We Must Transform Our School Discipline Policies | #teachforamerica | #kids


The value of Restorative Justice comes in the form of storytelling in which we can be vulnerable. Storytelling promotes learning through compassion and helps us cope with our struggles by acknowledging our experiences. Our ancestors taught around camp fires, telling stories of values where lessons were passed down to future generations. Restorative Justice practices encompass these ideas and create a space for deep conversations.

These places of dialogue emphasize social-emotional learning while developing crucial interpersonal communication skills. In a remote world we can still create a space for our students to receive support for traumas with restorative coordinators, counselors, and social workers.

The process is demanding. We must encourage our students to explore their relationship with humanity and partake in an inquisition around morality. Let’s remember we are cultivating the young minds of human beings who should be striving to be the best version of themselves, whether in school or online. 

However, we know there is no such thing as a perfect world and there will always be conflicts. Some students will demand more support than others. The traumas they’ve experienced should only motivate us to provide the emotional support they need. These are the students I invite to hold equitable dialogues and assist them in their reflective growth practices. Schools or remote schools should be utilized to learn the skills students will need to deal with real-world situations.
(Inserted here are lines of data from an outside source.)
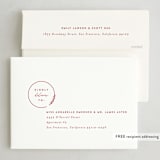 "Round" - Holiday Cards in Candy Cane by Brianne Larsen - FREE Recipient Addressing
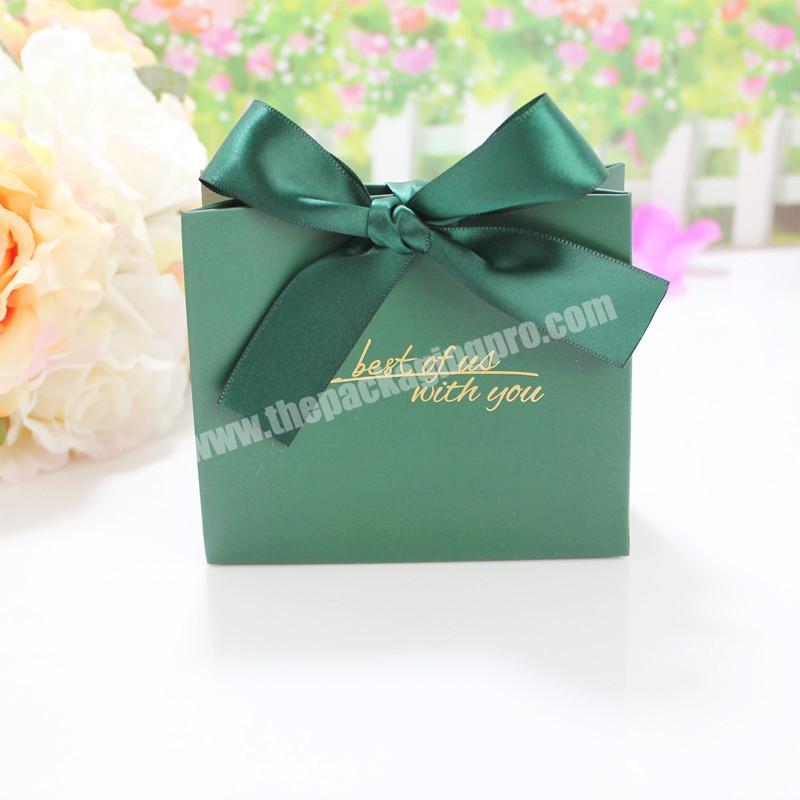 Paper gift ribbon boutique gift box packaging gift box with ribbon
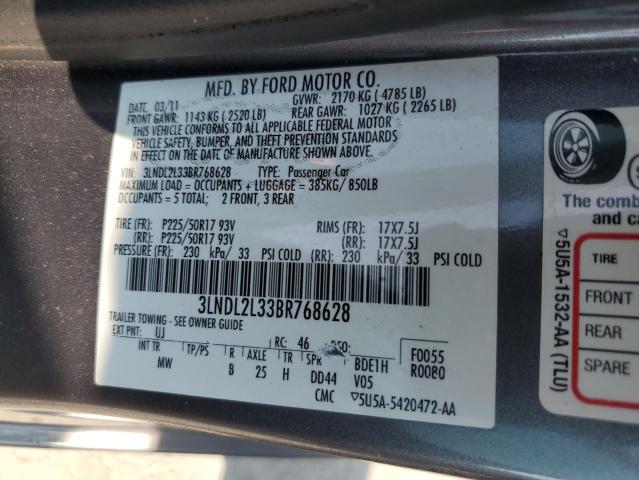 Photo 11 VIN: 3LNDL2L33BR768628 - LINCOLN MKZ HYBRID 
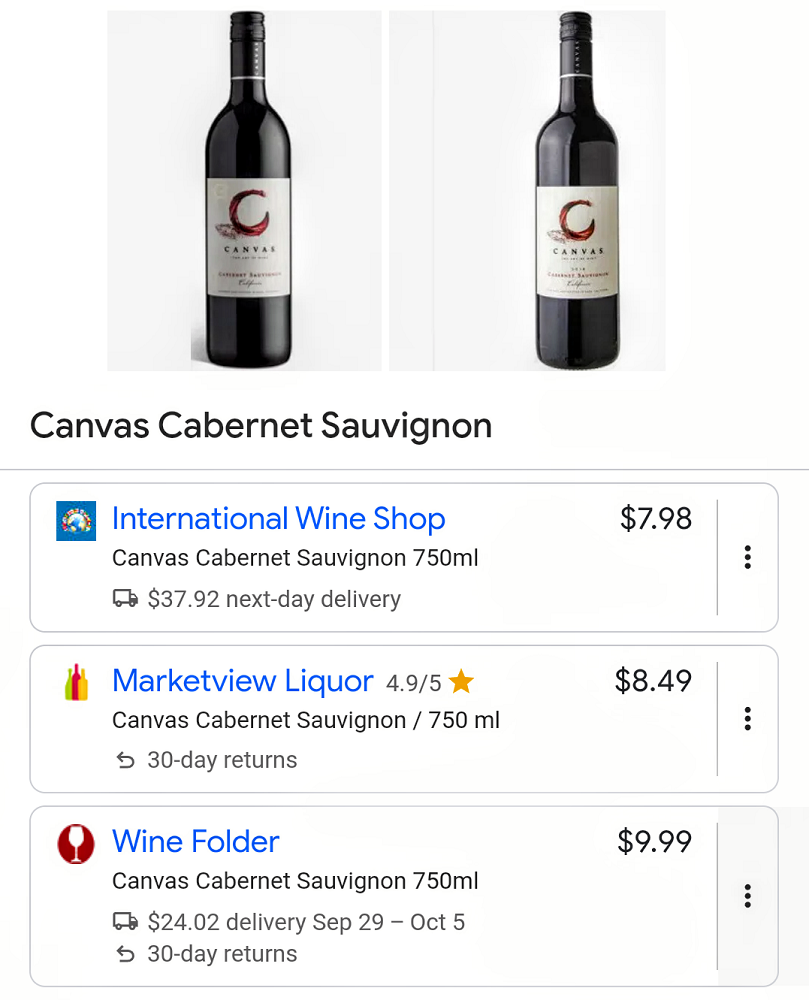 Clearly not an almost $60 bottle of wine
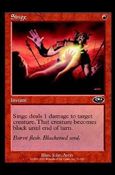Magic the Gathering: Planeshift (Base Set) card 71 Singe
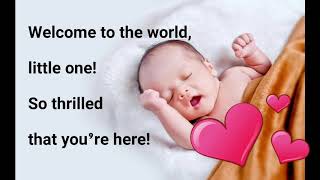 New Born baby wishes whatsapp status with beautiful quotes / cute baby whatsapp status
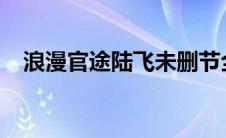 浪漫官途陆飞未删节全集txt（浪漫官途）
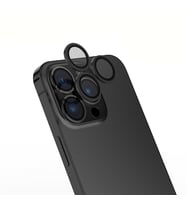 Apple iPhone 15 Pro Uyumlu Zore Mikro Kamera Lens Koruyucu (Siyah)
As an educator, I’ve introduced work around reflection and meditation for students to center themselves when dealing with difficult situations. We discuss their struggles and celebrate their growth. When conflicts occur, we find ways to teach students how to make things right. If a student is having difficulties, bring in peers who can support them in their journey to restoring balance. Have them make commitments by designing actionable steps they can take to progress. We are educators who should no longer be policing our students, especially in their own homes.

In my Restorative Justice journey this remote year, students have been invited to meet in digital circle conversations when conflicts occur or support is needed. Students should see these spaces as a place they can express their concerns, address any harms, and make requests to prevent further struggles. A strong community and a strong sense of relationship allows the groundwork for creating harmony. This process prevents many disruptions or behaviors that are occurring in the classroom, especially remotely, which is causing further distress to our students.

As educators, our conversations with students and our being attentive to their traumas will begin to heal the hurt inflicted by our educational systems. We must commit to the work, especially in dealing with a racist culture that places blame on Black and Brown students but excuses the mistakes of white students with compassion. We are all human, we all have traumas that require healing; it is our natural impulse to yearn for discourse when we hurt. Let’s begin that restoring process for all our children so they can become agents of change who continue to heal the world. We have a chance to use this moment of remote learning to dismantle and rebuild an alternative system that benefits all students.